I am unsure what benefit it confers over the much safer choices of SQLite or UnQLite both of which are battle tested and written by database experts to ensure that other people's data is never, ever lost.
SQLite is painfully slow compared to NuDB. UnQLite supports features not present in NuDB such as cursor iteration, moving, and deleting. The tradeoff for not supporting these features is that NuDB can make better claims about its performance.
You are correct that NuDB is a single purpose design, and so will always be faster. However SQLite configured into "I don't care about data loss" mode is pretty swift. "Painfully slow" is not a correct term to use except for its default data loss caring mode.
I felt when I reviewed NuDB's implementation some time ago that your implementation would be highly susceptible to data loss in a wide set of circumstances.
NuDB makes some assumptions about the underlying file system. In particular, that when a call to fsync() returns it is assured the data is reliably written. If these invariants are met there is no data loss.

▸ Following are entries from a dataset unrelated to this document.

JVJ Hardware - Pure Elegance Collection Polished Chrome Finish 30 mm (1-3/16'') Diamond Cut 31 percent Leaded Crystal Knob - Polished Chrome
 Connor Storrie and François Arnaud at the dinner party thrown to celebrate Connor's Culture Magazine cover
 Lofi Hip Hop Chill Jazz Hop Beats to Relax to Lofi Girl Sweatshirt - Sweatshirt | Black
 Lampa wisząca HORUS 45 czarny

In fact, one of NuDB's unit tests exhaustively verifies that the database recovery process performs correctly after an I/O failure. The unit test works by instantiating a database with a custom File template parameter. This custom file implementation simulates an I/O failure on the Nth operation. The test runs with N=1 to failure, then increments N, and re-runs the test until there are no failures. At each iteration, the test verifies that the database recover process left the database in a consistent state. You can see this code here: https://github.com/vinniefalco/NuDB/blob/master/test/recover.cpp#L125
I don't doubt that you think this database is vulnerable to data loss under some condition. However, I would appreciate specifics so that I can verify under what conditions your claim is correct, or if it is correct at all.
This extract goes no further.